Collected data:
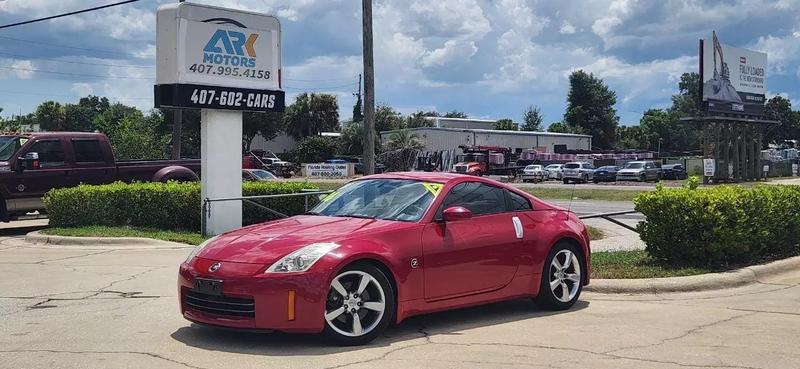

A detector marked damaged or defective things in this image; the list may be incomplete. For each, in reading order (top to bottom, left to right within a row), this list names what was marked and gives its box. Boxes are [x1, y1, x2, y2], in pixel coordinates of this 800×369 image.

pavement crack [0, 348, 209, 368]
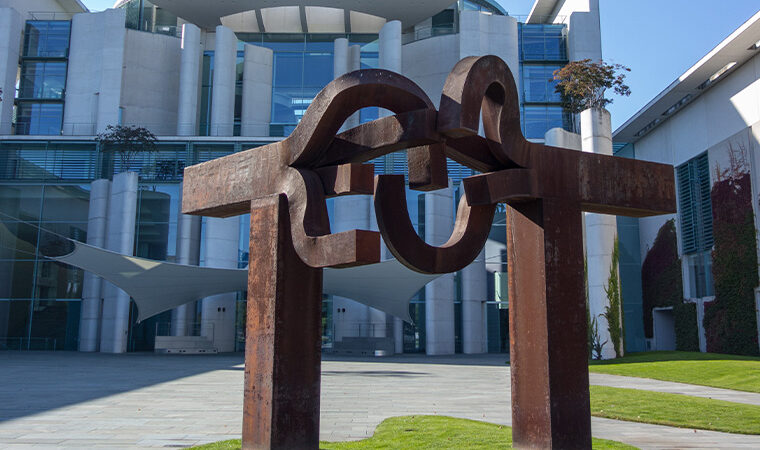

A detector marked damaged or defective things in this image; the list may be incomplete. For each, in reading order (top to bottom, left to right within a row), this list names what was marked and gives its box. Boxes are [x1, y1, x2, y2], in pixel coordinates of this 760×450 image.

rusted steel sculpture [183, 54, 676, 448]
rust-streaked metal surface [183, 54, 676, 448]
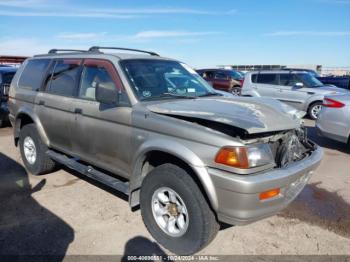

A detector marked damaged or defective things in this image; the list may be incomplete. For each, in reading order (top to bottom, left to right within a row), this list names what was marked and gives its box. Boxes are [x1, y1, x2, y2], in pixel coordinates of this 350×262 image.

crumpled hood [148, 96, 300, 135]
broken headlight assembly [215, 143, 274, 170]
cracked bumper cover [208, 143, 322, 225]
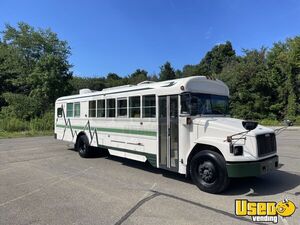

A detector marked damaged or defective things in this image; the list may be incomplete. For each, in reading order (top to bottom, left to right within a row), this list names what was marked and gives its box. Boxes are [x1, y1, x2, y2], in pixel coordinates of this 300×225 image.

crack in asphalt [115, 190, 268, 225]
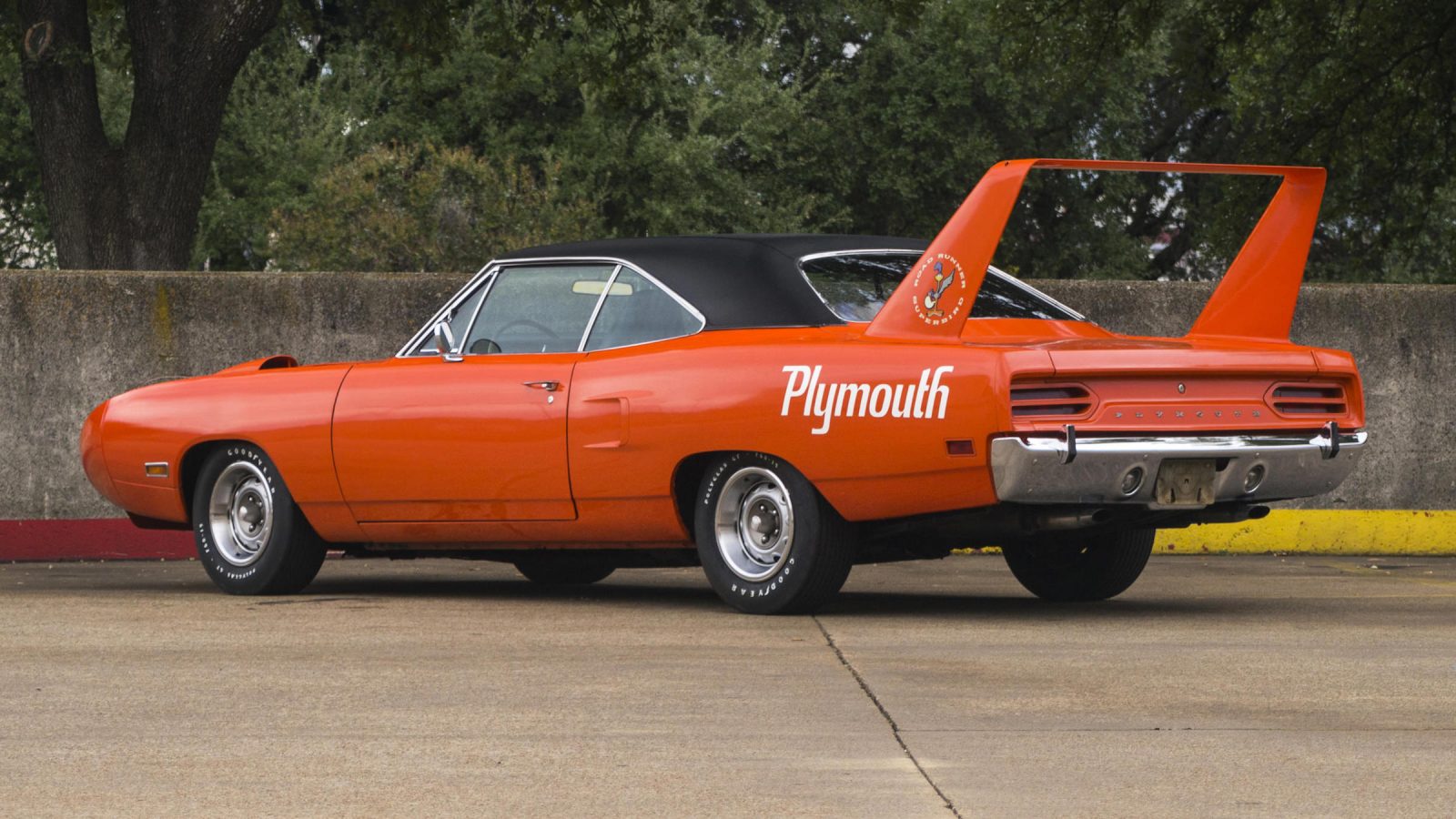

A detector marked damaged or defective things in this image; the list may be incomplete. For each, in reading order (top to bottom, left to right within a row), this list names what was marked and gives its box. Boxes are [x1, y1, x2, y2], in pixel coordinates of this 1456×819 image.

pavement crack [815, 614, 961, 810]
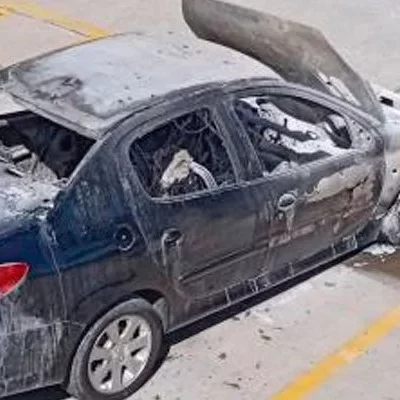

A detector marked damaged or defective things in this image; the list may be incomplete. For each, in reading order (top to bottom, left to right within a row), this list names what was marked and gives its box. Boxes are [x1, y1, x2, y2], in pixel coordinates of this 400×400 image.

charred car roof [0, 30, 272, 139]
burnt hood interior [182, 0, 384, 122]
burnt tire [66, 298, 163, 398]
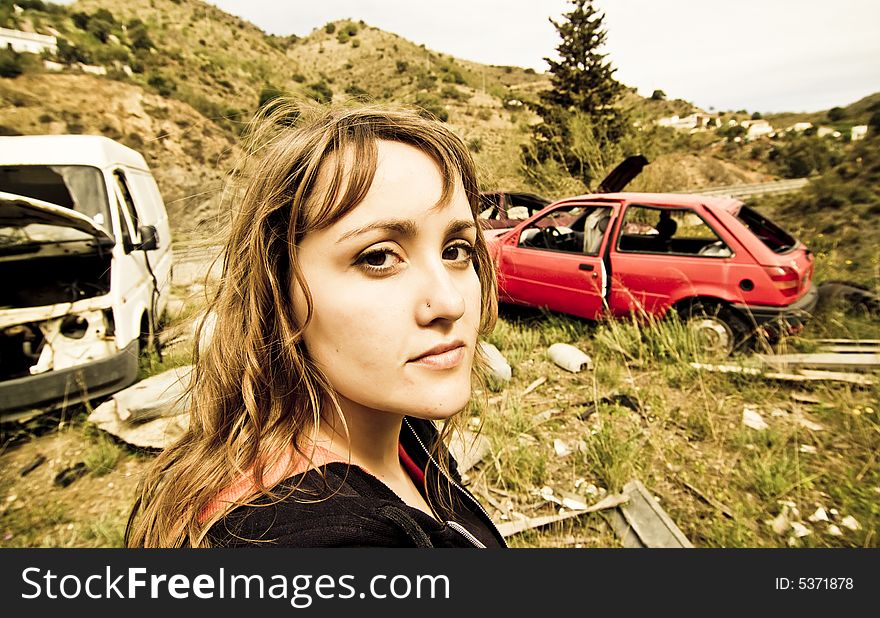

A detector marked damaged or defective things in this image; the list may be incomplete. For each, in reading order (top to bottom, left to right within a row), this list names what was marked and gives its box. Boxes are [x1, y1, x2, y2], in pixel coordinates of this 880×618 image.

white wrecked van [0, 134, 172, 418]
red wrecked car [484, 185, 816, 354]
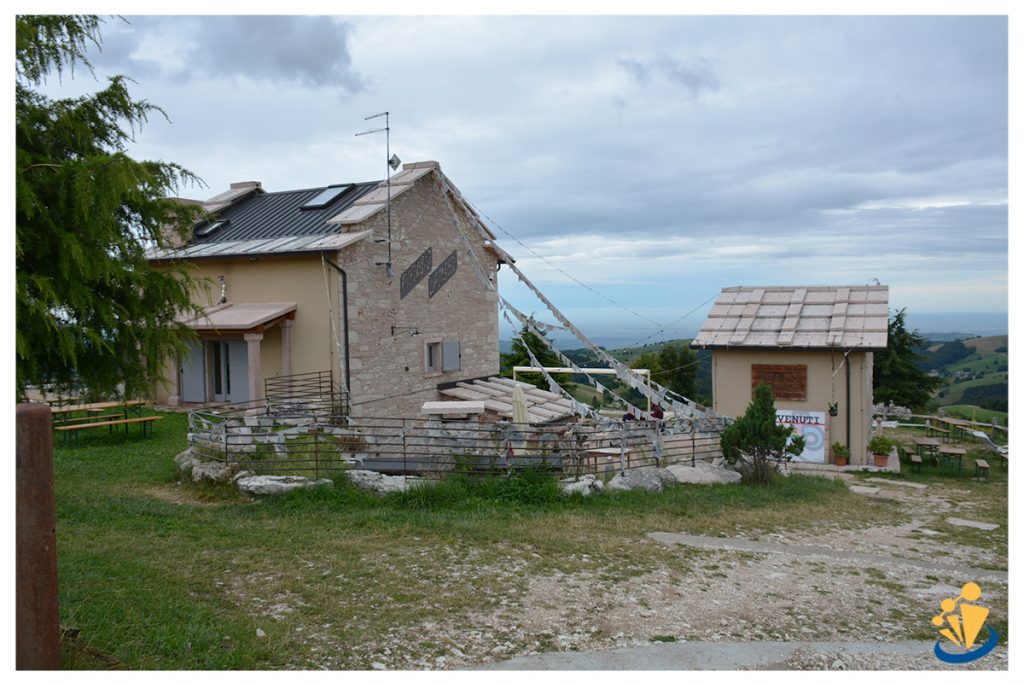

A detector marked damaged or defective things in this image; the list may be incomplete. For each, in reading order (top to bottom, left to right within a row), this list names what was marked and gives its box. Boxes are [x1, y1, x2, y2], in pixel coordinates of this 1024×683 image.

rusty metal post [16, 403, 60, 671]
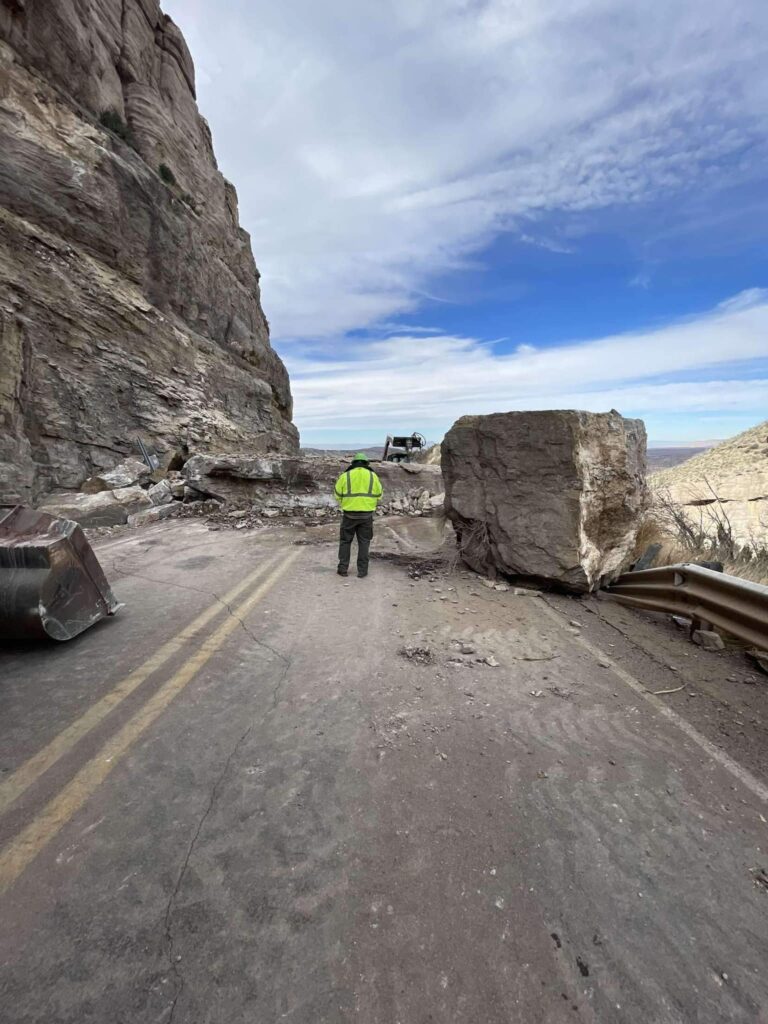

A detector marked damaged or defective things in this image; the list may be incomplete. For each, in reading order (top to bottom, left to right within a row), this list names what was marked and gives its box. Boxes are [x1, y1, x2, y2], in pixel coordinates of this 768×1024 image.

rusted metal bucket [0, 503, 120, 638]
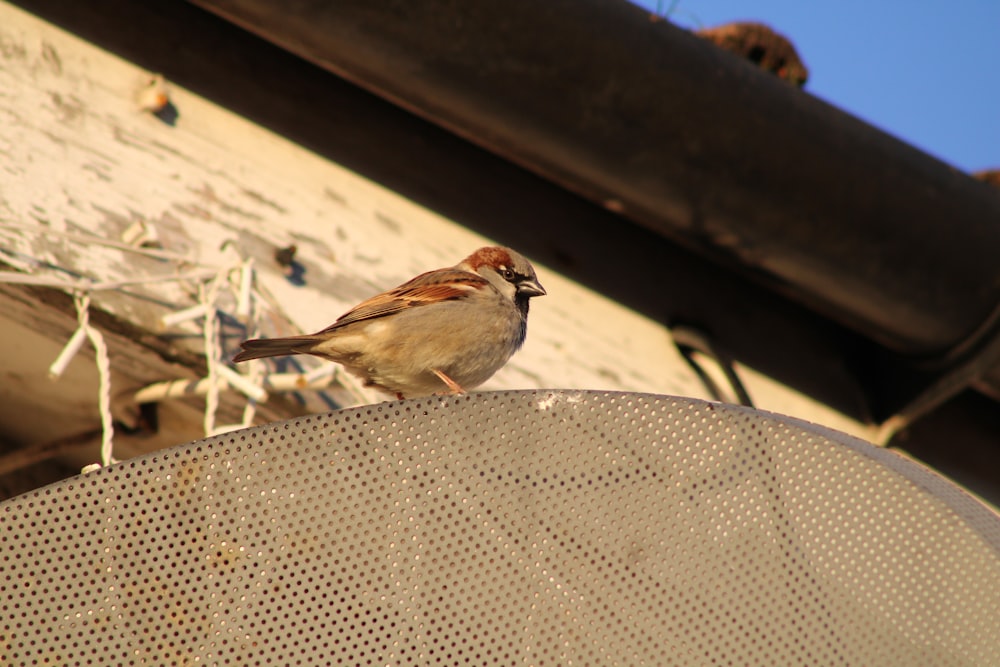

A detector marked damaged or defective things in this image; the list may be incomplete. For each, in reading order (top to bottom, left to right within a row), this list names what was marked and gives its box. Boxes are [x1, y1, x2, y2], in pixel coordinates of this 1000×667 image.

rusty metal beam [188, 0, 1000, 360]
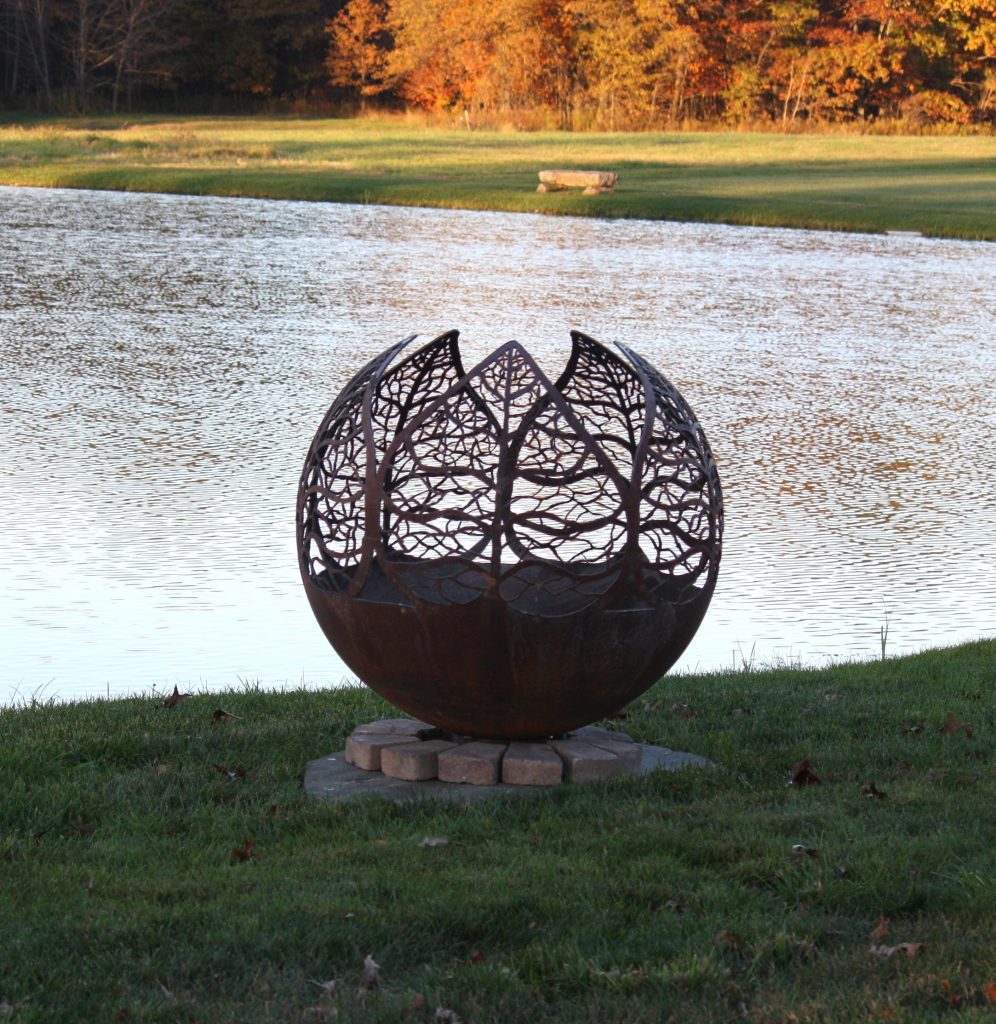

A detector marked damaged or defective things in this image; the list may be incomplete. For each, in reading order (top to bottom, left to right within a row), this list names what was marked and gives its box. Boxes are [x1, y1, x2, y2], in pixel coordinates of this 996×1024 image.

rusted metal fire pit [294, 331, 724, 741]
rusty metal surface [294, 331, 724, 741]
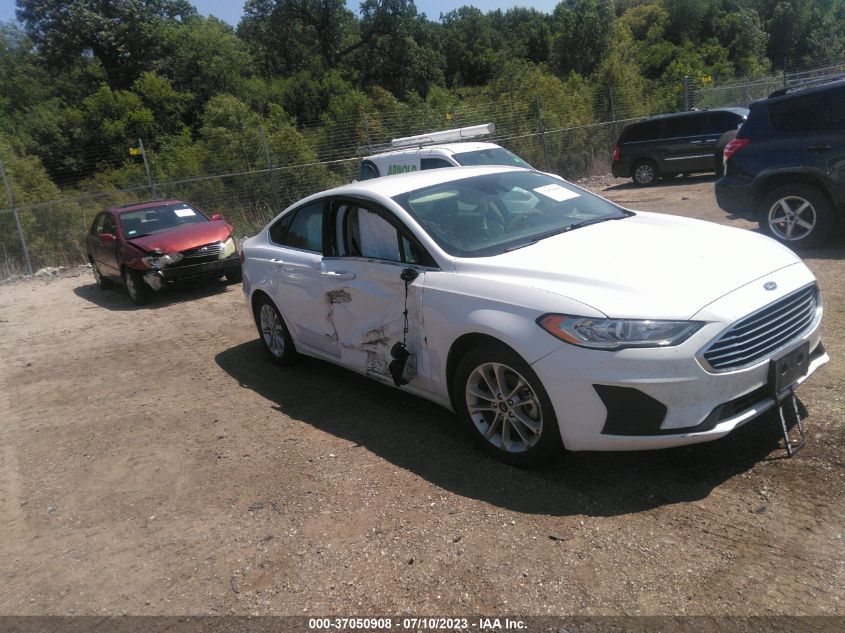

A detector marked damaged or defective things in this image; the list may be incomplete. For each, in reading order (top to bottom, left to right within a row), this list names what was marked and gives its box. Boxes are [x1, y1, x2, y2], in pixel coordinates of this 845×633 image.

damaged red sedan [85, 200, 241, 304]
damaged door panel [324, 256, 428, 386]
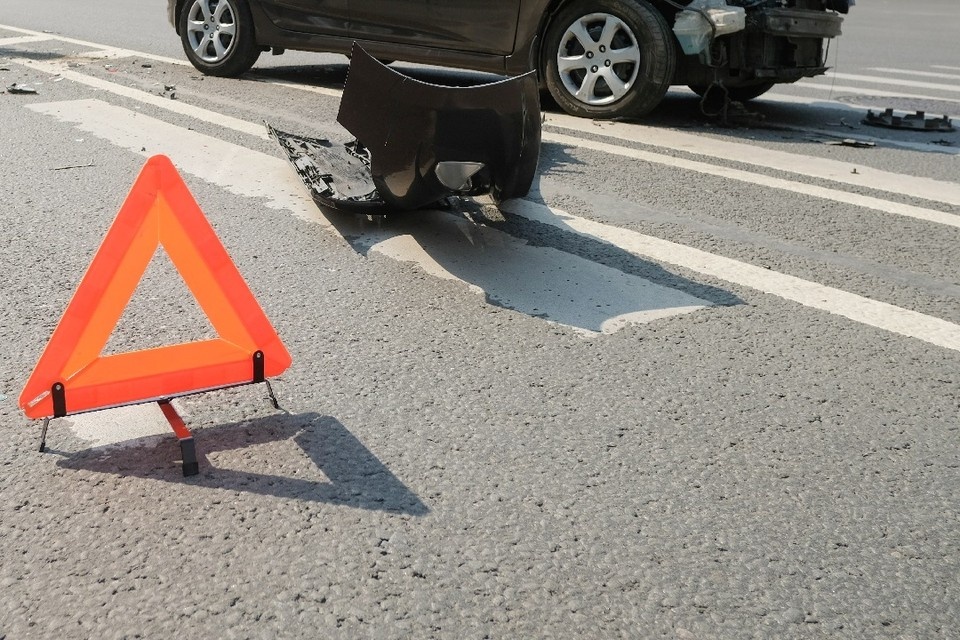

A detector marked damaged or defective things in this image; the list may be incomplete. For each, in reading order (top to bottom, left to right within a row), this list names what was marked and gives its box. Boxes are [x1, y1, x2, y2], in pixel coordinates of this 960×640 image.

§ **Directions**: All of the data must be set down exactly, with no pictures included.

§ **Exercise solution**:
A detector marked damaged or defective things in this image; the list may be incomplete. For each, in reading order (top to bottom, left to right within a row), this list names what was marked and gives its box. Boxes are [x1, y1, x2, y2], in pixel coordinates of this 800×369 image.

pavement crack [0, 348, 209, 368]

A detector marked damaged or defective things in this image; the list may be incomplete. For each, in reading order (top to bottom, left to right within a row), this list names what was marked and gives its box. Boxes are [x1, y1, x2, y2], in pixel coordinates of this 760×450 image.

rusted steel sculpture [183, 54, 676, 448]
rust-streaked metal surface [183, 54, 676, 448]

A detector marked damaged or defective things in this image; the list may be incomplete. For each, in reading order (top to bottom, left to right within a row), this list names what was marked and gives its box. Boxes are [x1, y1, x2, y2], in pixel coordinates of this 350×262 image.

crumpled hood [148, 96, 300, 135]
broken headlight assembly [215, 143, 274, 170]
cracked bumper cover [208, 143, 322, 225]

A detector marked damaged or defective things in this image; the list may be incomplete. For each, in reading order (top to bottom, left to right within a row), this list names what was marked and gives its box. Boxes are [x1, y1, x2, y2], in pixel coordinates of this 300×225 image.

crack in asphalt [115, 190, 268, 225]

A detector marked damaged or defective things in this image; the list may be incomplete. For each, in reading order (top to bottom, left to right within a row), this list names what was marked and gives its box. Boxes are [x1, y1, x2, y2], in pixel coordinates of this 1456×819 image.

pavement crack [815, 614, 961, 810]

A detector marked damaged or defective things in this image; the list may be incomplete. For each, in reading order (top to bottom, left to right within a row), this list names what was marked and gives its box. Boxes are [x1, y1, x2, y2], in pixel coordinates of this 400×400 image.

charred car roof [0, 30, 272, 139]
burnt hood interior [182, 0, 384, 122]
burnt tire [66, 298, 163, 398]

A detector marked damaged or defective things in this image; the list may be incomplete. For each, in reading order (top to bottom, left to right within a row), this list names what was marked and gives its box. Boxes are [x1, y1, x2, y2], in pixel coordinates of this 880×618 image.

white wrecked van [0, 134, 172, 418]
red wrecked car [484, 185, 816, 354]

A detector marked damaged or defective things in this image; the list may be incomplete. For each, in reading order (top to bottom, left to right within a row), this list names what was marked and gives its box. Boxes are [x1, y1, x2, y2], in pixel coordinates of this 1024×683 image.

rusty metal post [16, 403, 60, 671]

A detector marked damaged or defective things in this image; the list may be incomplete. For each, in reading order (top to bottom, left to right within a row), this list names what was marked and gives its box. Boxes are [x1, y1, x2, y2], in pixel coordinates of this 768×1024 image.

rusted metal bucket [0, 503, 120, 638]

A detector marked damaged or defective things in this image; the list may be incomplete. For each, in reading order (top to bottom, left to right within a row), this list names what was marked and gives its box. Boxes are [x1, y1, x2, y2], in pixel coordinates of this 1000×667 image.

rusty metal beam [188, 0, 1000, 360]

A detector marked damaged or defective things in this image; the list may be incomplete. For each, in reading order (top to bottom, left to right within a row), this list names what was marked and gives its box. Boxes are [x1, y1, x2, y2], in pixel coordinates of this 996×1024 image.

rusted metal fire pit [294, 331, 724, 741]
rusty metal surface [294, 331, 724, 741]

A detector marked damaged or defective things in this image; the list may be incomplete. For each, in reading order (top to bottom, left to right within a row), this list names what was marked and gives its box. Boxes are [x1, y1, x2, y2], in pixel coordinates of this 845×633 image.

damaged red sedan [85, 200, 241, 304]
damaged door panel [324, 256, 428, 386]

A detector marked damaged or defective things in this image; the list may be incomplete. For each, in reading order (top to bottom, left to right within a row), this list names what was marked and gives its box. Boxes are [x1, y1, x2, y2], in pixel coordinates of this 960×640 image.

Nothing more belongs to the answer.